The Montes algorithm can be considered as a factorization algorithm for polynomials over local fields. For a defining polynomial f of a number field K and a prime number p the Montes algorithm produces OM representations for all prime ideals of K lying of over p, which parametrize the irreducible factors of f over the p-adic numbers. The OM representation for prime ideals leads to an OM presentation of fractional ideals. The basic algorithms are explained in [GMN13]

These OM representations allow the construction of ideals and divisors without the computation of a maximal order, which the construction of ideals of types RngOrdIdl and RngOrdFracIdl require. The Montes algorithm can also be used to efficiently compute integral bases which can be use to construct maximal orders.

This section explains the use of the Montes Algorithm. For how to use the Montes algorithm to compute maximal orders of number fields see Section Maximal Orders, maximal orders of function fields see Section Construction of Orders of Algebraic Function Fields, decomposition of primes in number fields see Sections Factorization and Primes and Creation of Elements and decomposition of primes in function fields see Sections Further Ideal Operations and Creation of Elements.

The Montes algorithm can also be called for a number field K if it is defined by a monic polynomial with integer coefficients.

Montes(f, p) : RngUPolElt, RngElt -> SeqEnum, SeqEnum, RngIntElt

    Field: BoolElt                      Default: false

Let f be a monic polynomial with integer or polynomial coefficients and p be a prime number. The Montes algorithm outputs the triple:

1.

A sequence of OM representations for the p-adic irreducible factors of f.

2.

A sequence of intervals with the position of the prime ideals in each disconnected tree of OM representations.

3.

The p-index of f.

If the parameter Field is set to true the ψ polynomial at the last level of each type of each OM representation will be computed.

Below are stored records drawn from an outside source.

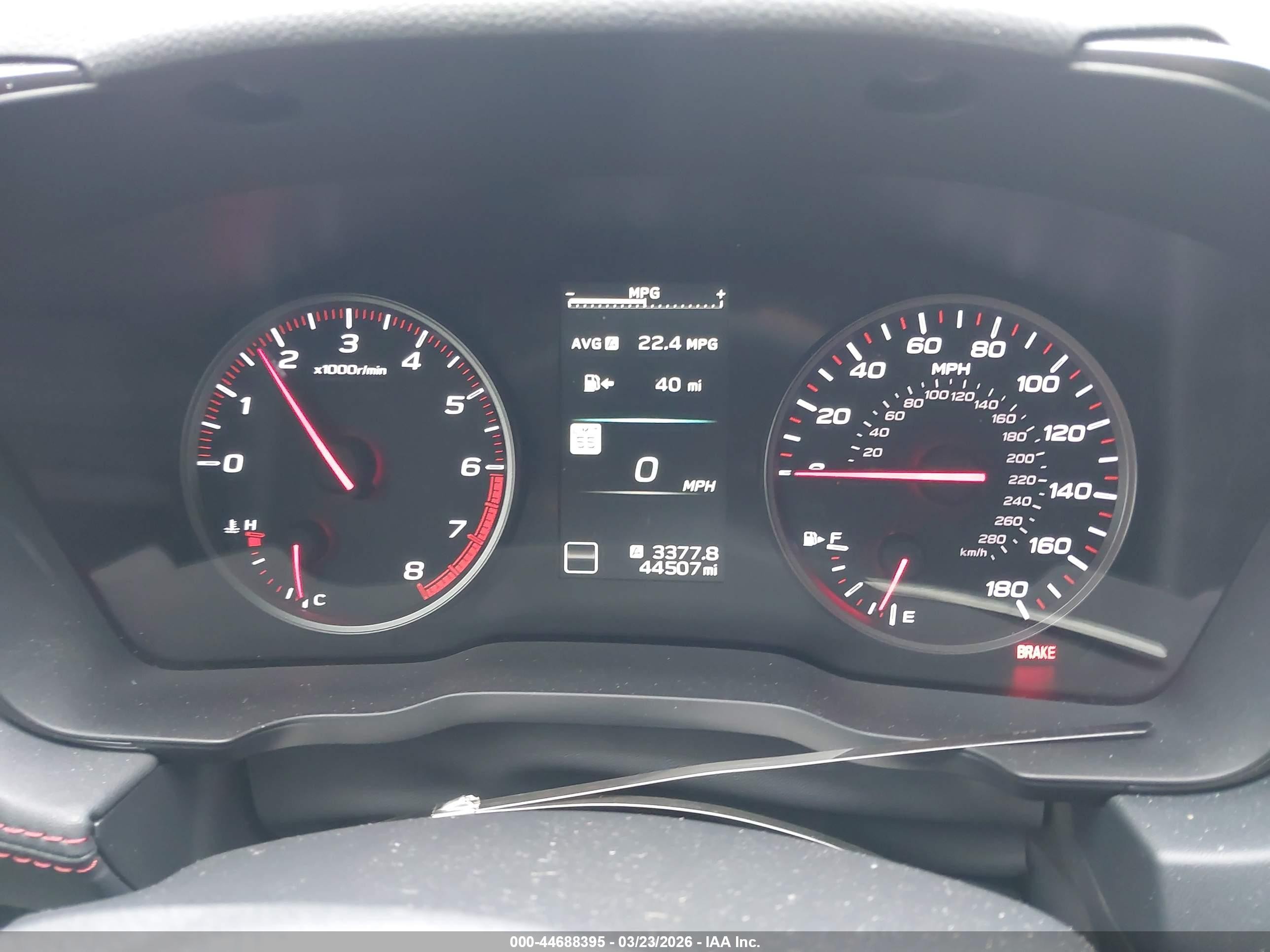 2023 Subaru Wrx Limited Blue vin: JF1VBAL6XP9823522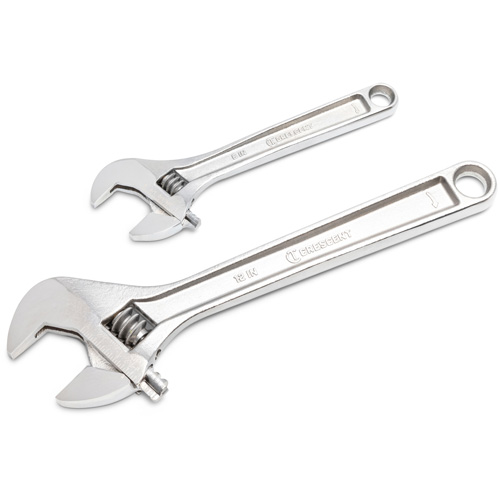 Wrench Set, Adjustable, 2 Pieces, Imperial and Metric Mukwa Safety Services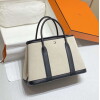 Replica Hermes Beige Canvas and Brown leather Garden Party 30cm Bag H239052 9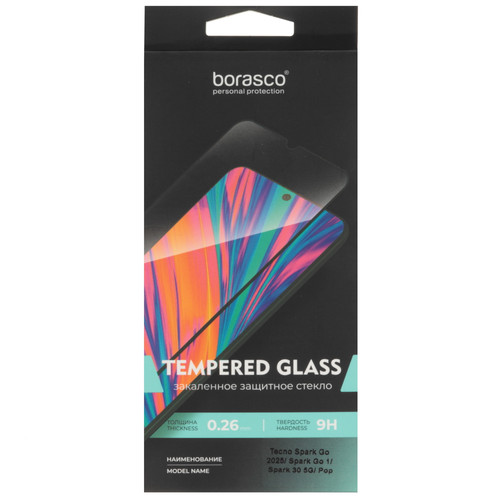 Купить Защитное стекло BoraSCO для экрана Tecno POP 9/ SPARK 30 5G/ SPARK 30C/ GO 1/ GO 2025  5628687. Характеристики, отзывы и цены в Донецке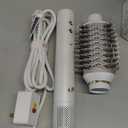 T3 Aire 360 Multi-Styler & Blowout System with Luxe Carrying Case, Rapid Drying Hair Dryer, Ceramic Curling Attachments, Oval Brush & Drying Concentrator | Blowouts & Long-Lasting Curls (White/Gold)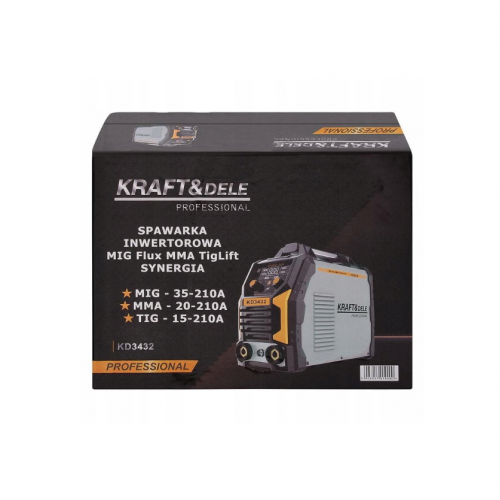 Invertora metināšanas iekārta MIG Flux MMA TigLift, 230 V/50 Hz 210 A no KRAFT&DELE (KD3432)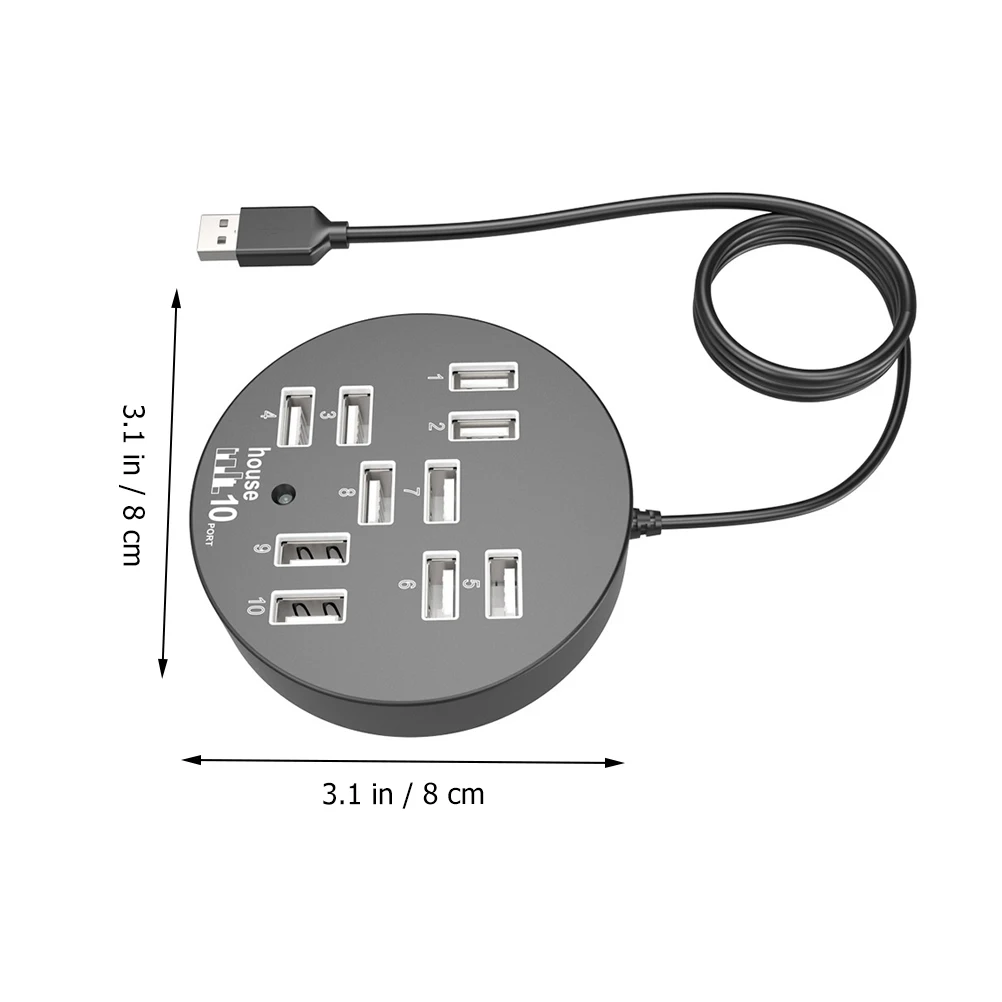 Hub 2.0 10-Port Splitter For Laptop Extra Usb Ports High-Speed External Hard Drive Adapter Expander For Usb 1.1
Hub 2.0 10-Port Splitter For Laptop Extra Usb Ports High-Speed External Hard Drive Adapter Expander For Usb 1.1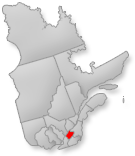 Map location of Centre Du Quebec, Quebec Canada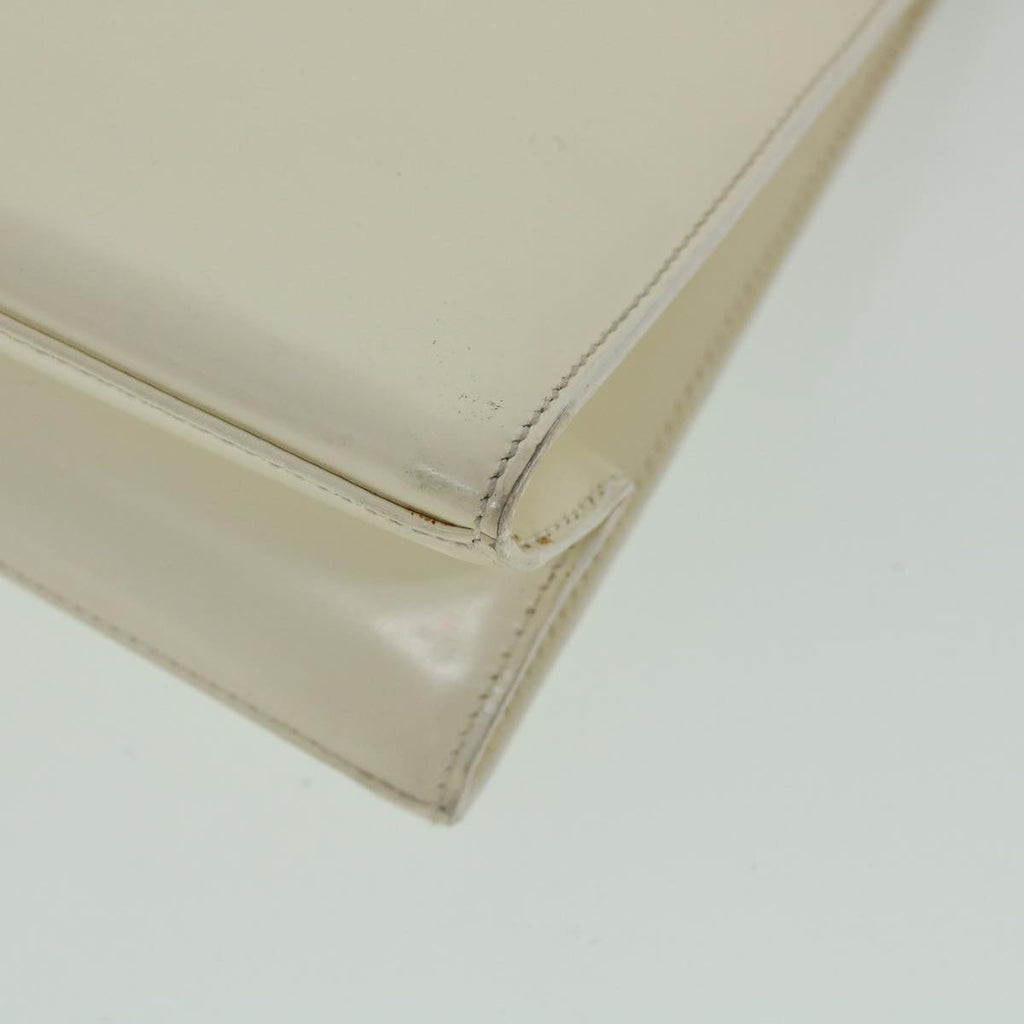 GUCCI Shoulder Bag Patent leather White 001 3034 55032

> _<x> := PolynomialRing(Integers());                                       
> f := x^5 + 343*x^4 + 49*x^3 + 343*x^2 + 7*x + 6;                           
> p := 7;                                                                    
> Montes(f,p);  
[
    ,

]
[
    [ 1 ],
    [ 2 ]
]
0

> _<x> := PolynomialRing(Integers());                                       
> f := x^5 + 343*x^4 + 49*x^3 + 343*x^2 + 7*x + 6;                           
> K := NumberField(f);    
> p := 7;                                                                    
> Montes(K,p);
> K`PrimeIdeals[p];
[
    OM prime ideal over   7
    of Number Field with defining polynomial x^5 + 343*x^4 + 49*x^3 + 343*x^2 + 
    7*x + 6 over the Rational Field
    having residual degree   1
    and ramification index   1
    Last phi polynomial is x + 6,
    OM prime ideal over   7
    of Number Field with defining polynomial x^5 + 343*x^4 + 49*x^3 + 343*x^2 + 
    7*x + 6 over the Rational Field
    having residual degree   4
    and ramification index   1
    Last phi polynomial is x^4 + x^3 + x^2 + x + 1
]
> K`LocalIndex[p];  
0

> Ax<x> := PolynomialRing(Integers());
> f := x^5 + 343*x^4 + 49*x^3 + 343*x^2 + 7*x + 6;
> L := NumberField(f);
> p := 7;
> Montes(L,p);
> P := L`PrimeIdeals[p,1];
> P`Type[#P`Type]`slope;
1
> P`Type[#P`Type]`Phi; // the approximation
x + 6
> slope := 50;                                  
> SFL(~P,slope:update := true);            
> P`Type[#P`Type]`slope;                   
50
> P`Type[#P`Type]`Phi; // the approximation
x + 332598606638994184508401217986166728134618